American Gangster de Ridley Scott – 2007

« Le Roi est mort, vive le Roi ! » Oui mais lequel ?

Tout amateur de Game of Thrones pourra vous confirmer que lorsqu’un roi décède sa succession est loin d’être un long fleuve tranquille et que la meute de loups est prête à tout pour tirer son épingle du jeu et s’assoir sur le trône encore chaud du défunt Roi.

Au début des années 70 à New York, Frank Lucas vient de passer vingt ans dans l’ombre du Parrain noir de Harlem, Bumpy Johnson, qui en a fait son garde du corps et son confident. Lorsque ce dernier succombe d’une crise cardiaque, Frank doit s’affirmer et révéler son leadership pour montrer qu’il est le digne successeur du Roi de Harlem.

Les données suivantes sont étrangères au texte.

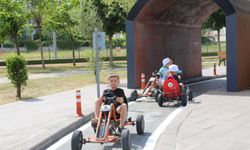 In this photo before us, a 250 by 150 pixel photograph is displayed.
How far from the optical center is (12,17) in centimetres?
3897

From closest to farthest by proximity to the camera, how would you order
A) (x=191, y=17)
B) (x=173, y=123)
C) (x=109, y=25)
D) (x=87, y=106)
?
1. (x=173, y=123)
2. (x=87, y=106)
3. (x=191, y=17)
4. (x=109, y=25)

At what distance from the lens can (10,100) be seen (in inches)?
631

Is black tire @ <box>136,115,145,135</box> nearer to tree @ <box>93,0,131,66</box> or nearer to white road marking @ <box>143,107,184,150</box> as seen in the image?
white road marking @ <box>143,107,184,150</box>

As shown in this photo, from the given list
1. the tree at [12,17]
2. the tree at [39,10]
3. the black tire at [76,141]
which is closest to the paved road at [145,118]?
the black tire at [76,141]

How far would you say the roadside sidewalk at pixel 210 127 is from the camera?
7723 millimetres

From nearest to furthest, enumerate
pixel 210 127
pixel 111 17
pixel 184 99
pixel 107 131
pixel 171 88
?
pixel 107 131 → pixel 210 127 → pixel 184 99 → pixel 171 88 → pixel 111 17

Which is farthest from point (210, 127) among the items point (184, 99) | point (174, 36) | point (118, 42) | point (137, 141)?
point (118, 42)

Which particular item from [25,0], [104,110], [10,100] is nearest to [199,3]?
[10,100]

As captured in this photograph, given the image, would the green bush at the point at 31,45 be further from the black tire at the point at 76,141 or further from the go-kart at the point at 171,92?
the black tire at the point at 76,141

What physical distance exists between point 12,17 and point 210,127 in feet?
106

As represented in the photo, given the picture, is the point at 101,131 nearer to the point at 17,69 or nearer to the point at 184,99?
the point at 184,99

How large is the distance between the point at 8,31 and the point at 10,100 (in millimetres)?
25421

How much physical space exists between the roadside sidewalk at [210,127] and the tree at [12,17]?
2843 cm

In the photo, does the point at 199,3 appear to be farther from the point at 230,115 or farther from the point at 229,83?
the point at 230,115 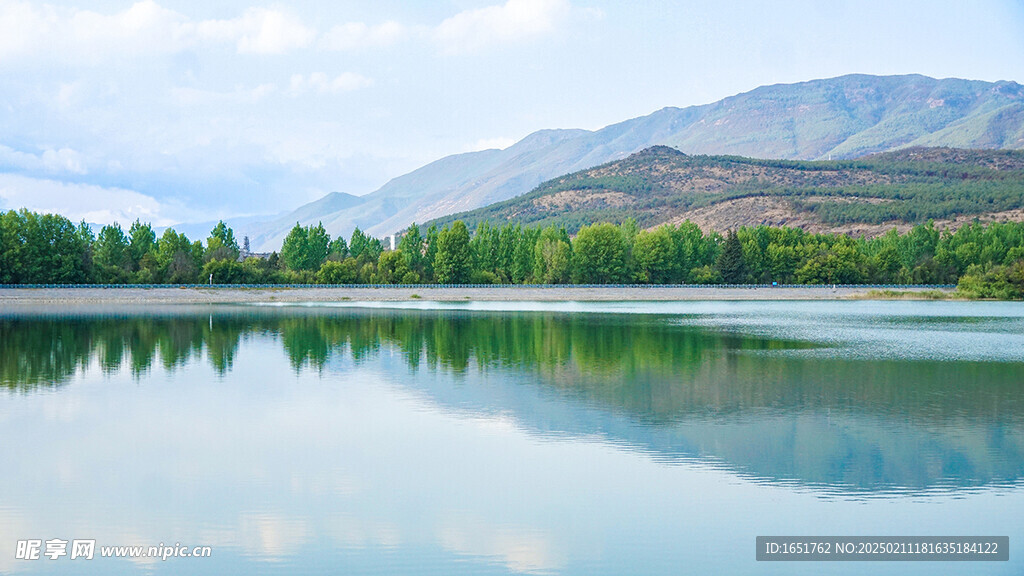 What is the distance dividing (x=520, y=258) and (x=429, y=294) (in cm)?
1273

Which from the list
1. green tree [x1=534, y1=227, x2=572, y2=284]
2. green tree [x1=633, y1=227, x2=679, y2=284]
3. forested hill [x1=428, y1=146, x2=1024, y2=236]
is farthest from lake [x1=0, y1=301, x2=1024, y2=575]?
forested hill [x1=428, y1=146, x2=1024, y2=236]

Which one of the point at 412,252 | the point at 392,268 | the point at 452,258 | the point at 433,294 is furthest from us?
the point at 412,252

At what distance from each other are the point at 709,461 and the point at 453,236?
222 ft

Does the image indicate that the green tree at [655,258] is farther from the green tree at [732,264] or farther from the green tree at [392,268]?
the green tree at [392,268]

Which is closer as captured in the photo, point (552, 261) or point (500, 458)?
point (500, 458)

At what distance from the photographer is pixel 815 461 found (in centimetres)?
1228

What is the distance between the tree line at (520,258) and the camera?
227ft

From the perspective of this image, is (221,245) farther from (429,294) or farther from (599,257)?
(599,257)

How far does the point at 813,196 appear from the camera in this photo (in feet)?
494

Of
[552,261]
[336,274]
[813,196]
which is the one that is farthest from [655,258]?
[813,196]

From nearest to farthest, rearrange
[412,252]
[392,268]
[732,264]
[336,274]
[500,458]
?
[500,458]
[336,274]
[392,268]
[412,252]
[732,264]

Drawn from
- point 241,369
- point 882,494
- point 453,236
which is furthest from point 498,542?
point 453,236

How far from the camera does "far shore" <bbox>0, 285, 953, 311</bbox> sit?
6384 centimetres

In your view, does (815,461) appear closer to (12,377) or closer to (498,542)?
(498,542) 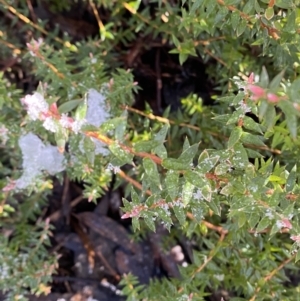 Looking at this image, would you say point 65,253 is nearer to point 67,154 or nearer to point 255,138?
point 67,154

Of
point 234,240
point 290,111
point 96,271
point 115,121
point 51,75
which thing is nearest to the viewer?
point 290,111

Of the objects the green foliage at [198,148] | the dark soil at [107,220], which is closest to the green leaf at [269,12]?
the green foliage at [198,148]

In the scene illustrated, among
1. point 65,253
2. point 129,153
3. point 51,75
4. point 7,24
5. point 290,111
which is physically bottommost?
point 65,253

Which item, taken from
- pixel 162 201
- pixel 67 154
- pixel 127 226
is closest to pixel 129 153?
pixel 162 201

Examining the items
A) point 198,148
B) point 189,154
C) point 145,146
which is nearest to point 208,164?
point 189,154

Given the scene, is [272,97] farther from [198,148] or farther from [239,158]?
[198,148]

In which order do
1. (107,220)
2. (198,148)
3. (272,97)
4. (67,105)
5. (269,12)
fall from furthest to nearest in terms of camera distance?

A la différence des gangsters et des films de gangsters habituels, en particulier new yorkais, l’organisation de ce gang repose sur une vraie famille et non sur une famille d’origine comme on en a l’habitude dans la filmographie de Martin Scorsese. De même, Frank (Denzel Washington) n’est pas un gangster arrogant, impulsif et forcément violent mais un homme prudent qui n’agit que de façon réfléchie, jurant ainsi avec les malfrats de l’époque.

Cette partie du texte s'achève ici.